WEEK—3 Lecture-3 hr
Relational model: Overview
1 Relational Model
➢ Relational Data Model was first prosed by Ted Codd of IBM in the 1970s. Its commercial
implementations were observed in the 1980s.
➢ The relational data model is employed for storing and processing the data in the database.
➢ Relational Model represents the database as a collection of relations.
➢ A relation is nothing but a table of values.
Basic terminologies used in relational data model
➢ Attribute: Each column in a Table. Attributes are the properties which define a relation.
e.g., Student_Rollno, NAME,etc.
➢ Tables – In the Relational model the, relations are saved in the table format. It is stored
along with its entities. A table has two properties rows and columns. Rows represent
records and columns represent attributes.
➢ Tuple – It is nothing but a single row of a table, which contains a single record.
➢ Relation Schema: A relation schema represents the name of the relation with its attributes.
It provides the description of the relational database.
➢ Degree: The total number of attributes which in the relation is called the degree of the
relation.
➢ Cardinality: Total number of rows present in the Table.
➢ Column: The column represents the set of values for a specific attribute.
➢ Relation instance – Relation instance is a finite set of tuples in the RDBMS system.
Relation instances never have duplicate tuples.
➢ Relation key – Every row has one, two or multiple attributes, which is called relation key,
which uniquely identifies each tuple in the relation.

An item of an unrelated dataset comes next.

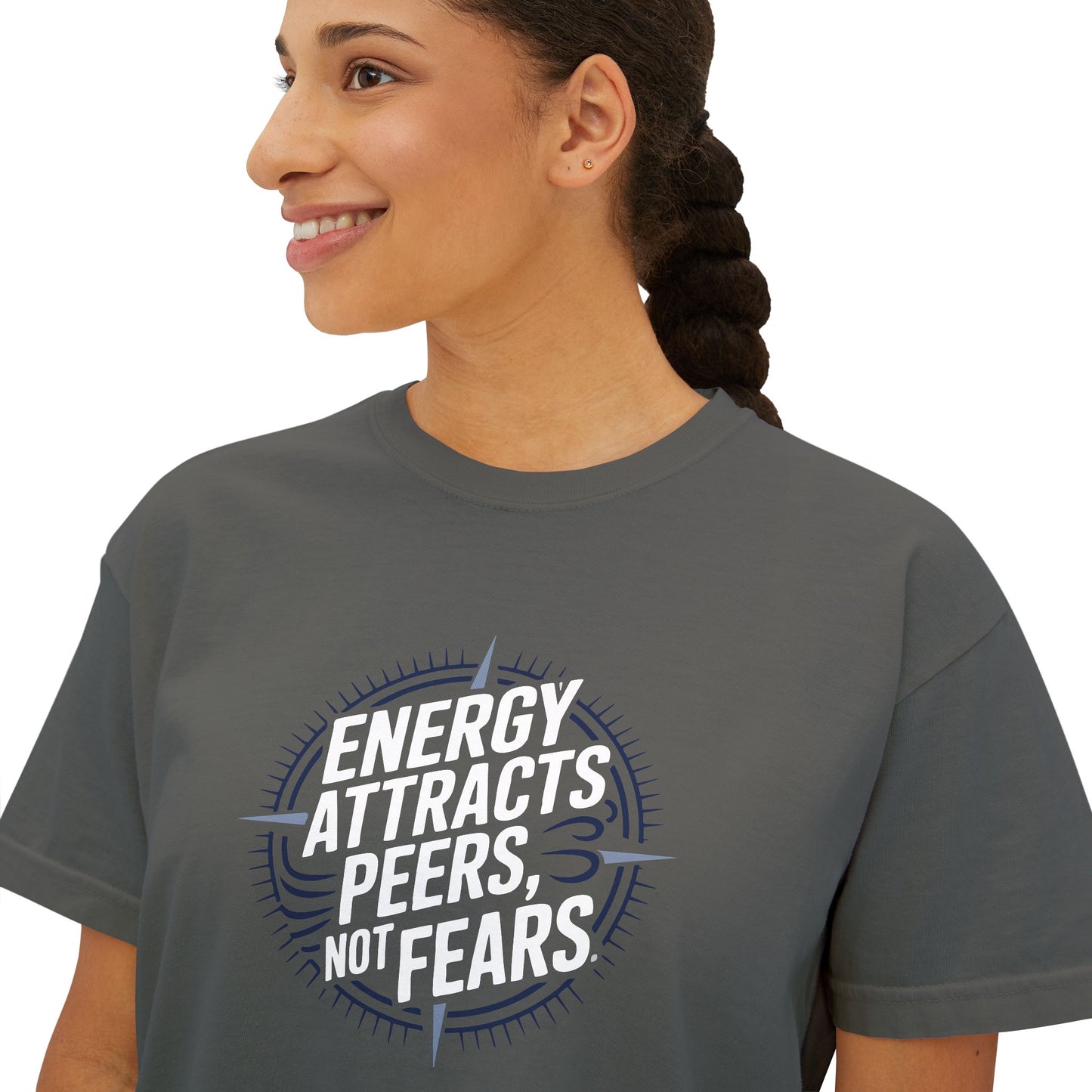Energy Attracts Women's Boxy Tee - Positive Vibe Shirt, Casual Wear, Motivational Top, Gift for Friends, Stylish Everyday Tee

➢ Attribute domain – Every attribute has some pre-defined value and scope which is known
as attribute domain.
➢ Null – The value which is unknown or unavailable is called NULL value. It is represented as
blank space.
➢ Figure shows an example of a STUDENT relation, which corresponds to the STUDENT
schema. Each tuple in the relation represents a particular student entity
The attributes and tuples of a relation STUDENT.
characteristics
1. Each relation in a database must have a distinct or unique name which would separate it from
the other relations in a database.
2. A relation must not have two attributes with the same name. Each attribute must have a
distinct name.
3. Duplicate tuples must not be present in a relation.

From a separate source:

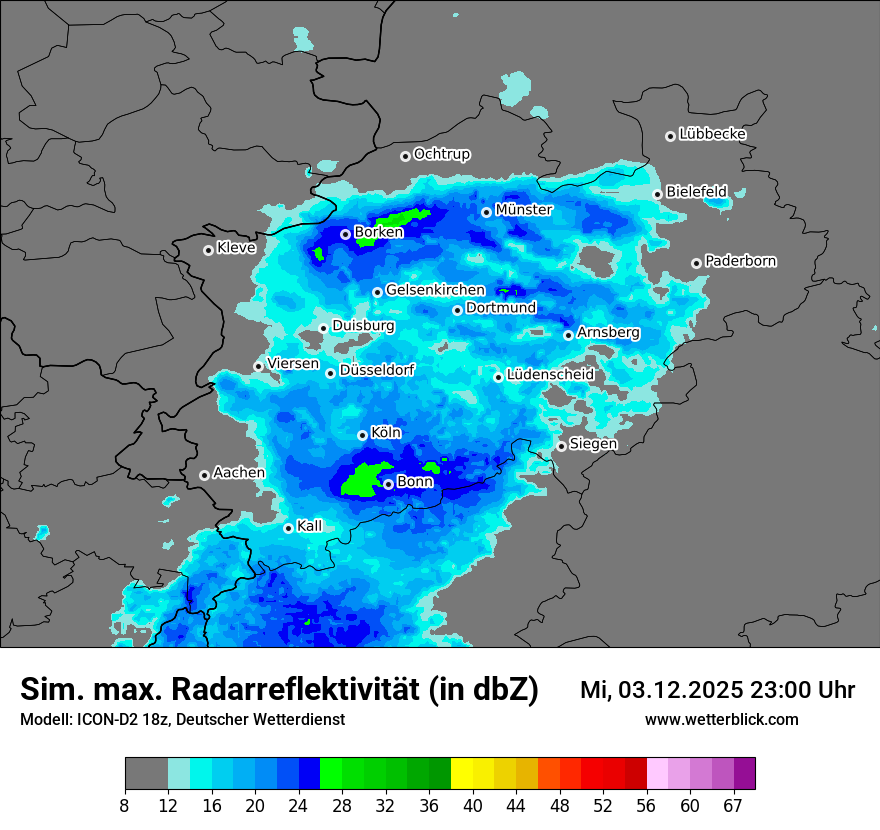 Modellkarten Simuliertes Radarbild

4. Each tuple must have exactly one data value for an attribute. For example, below in the first
table, you can see that for Roll_No. 265 we have enrolled two students Jhoson and Charles, this
would not work. We must have only one student for one Roll_No.
5. Tuples in a relation do not have to follow a significant order as the relation is not order-sensitive.

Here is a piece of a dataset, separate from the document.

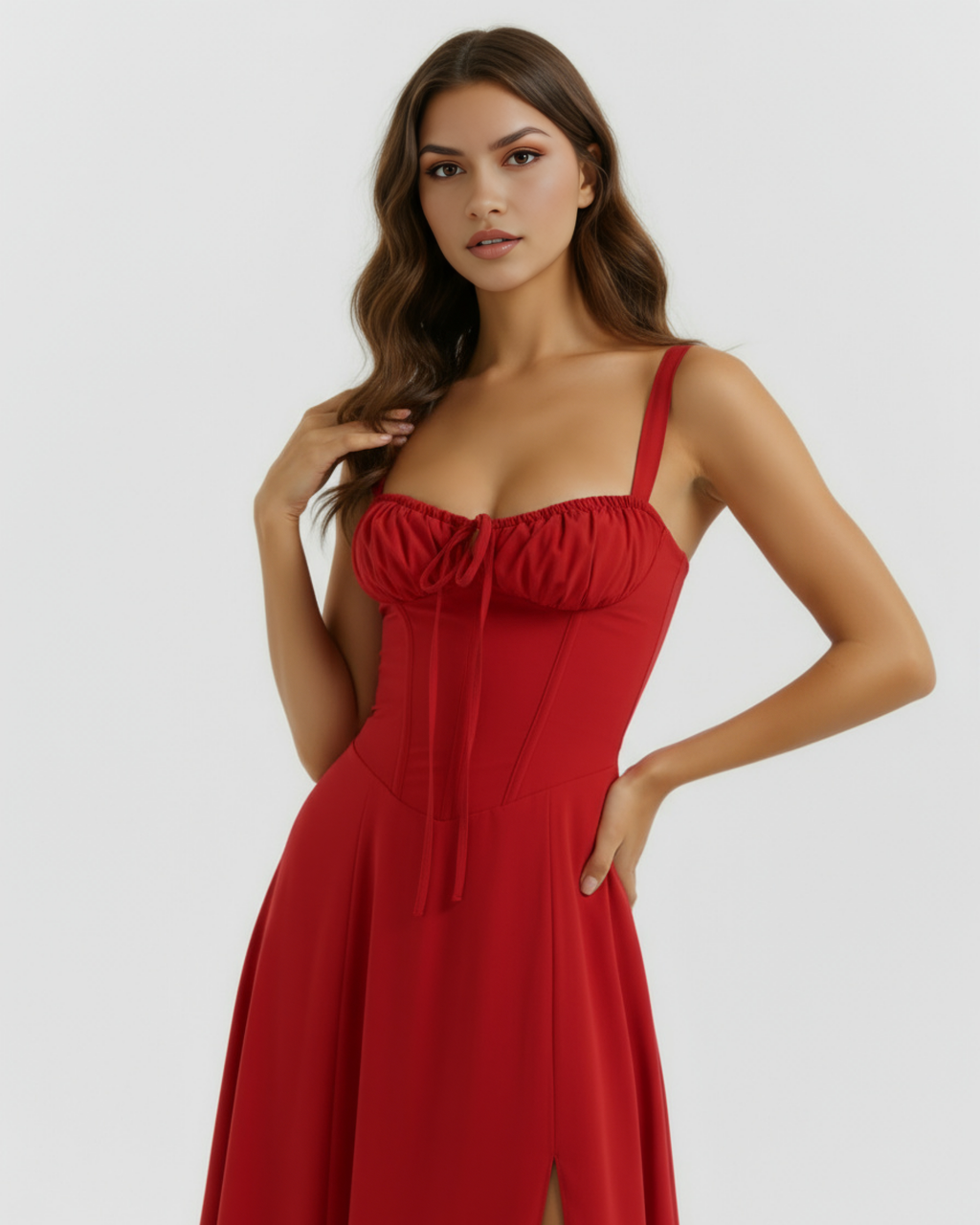 Robe midi avec corset et fente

6. The attributes of a relation also do not have to follow certain ordering, it’s up to the developer to
decide the ordering of attributes.
Constraints: types
Constraints in DBMS-
Relational constraints are the restrictions or conditions imposed on the database contents and
operations.
They ensure the correctness of data in the database.
Types of Constraints in DBMS-
In DBMS, there are following 4 different types of relational constraints-
1. Domain constraint
2. Key constraint
3. Entity Integrity constraint
4. Referential Integrity constraint
Domain Constraint-
Domain constraint defines the domain or set of values for an attribute.
1. Every domain must contain atomic values (smallest indivisible units) it means composite
and multi-valued attributes are not allowed.
2. We perform datatype check here, which means when we assign a data type to a column, we
limit the values that it can contain. Eg. If we assign the datatype of attribute age as int, we
cant give it values other then int datatype.
Example-
Consider the following Student table-
STU_ID Name Age
S001 Akshay 20
S002 Abhishek 21
S003 Shashank 20
S004 Rahul A
Here, value ‘A’ is not allowed since only integer values can be taken by the age attribute.
Key Constraints or Uniqueness Constraints :
1. These are called uniqueness constraints since it ensures that every tuple in the relation
should be unique.
2. A relation can have multiple keys or candidate keys(minimal superkey), out of which we
choose one of the keys as primary key, we don’t have any restriction on choosing the
primary key out of candidate keys, but it is suggested to go with the candidate key with less
number of attributes.
3. Null values are not allowed in the primary key, hence Not Null constraint is also a part of
key constraint.
Example-01:
Consider the following Student table-
STU_ID Name Age
S001 Akshay 20
S002 Abhishek 21
S003 Shashank 20
S004 Rahul 20
This relation satisfies the tuple uniqueness constraint since here all the tuples are unique.
Example-02:
Consider the following Student table-
STU_ID Name Age
S001 Akshay 20
S001 Akshay 20
S003 Shashank 20
S004 Rahul 20
This relation does not satisfy the tuple uniqueness constraint since here all the tuples are not
unique.
Entity Integrity Constraint-
Entity integrity constraint specifies that no attribute of primary key must contain a null value in
any relation.
This is because using primary key we identify each tuple uniquely in a relation.
Example-
Consider the following Student table-
STU_ID Name Age
S001 Akshay 20
S002 Abhishek 21
S003 Shashank 20
Rahul 20
This relation does not satisfy the entity integrity c-+++onstraint as here the primary key contains a
NULL value.
Referential Integrity Constraint-
The Referential integrity constraints is specified between two relations or tables and used to
maintain the consistency among the tuples in two relations.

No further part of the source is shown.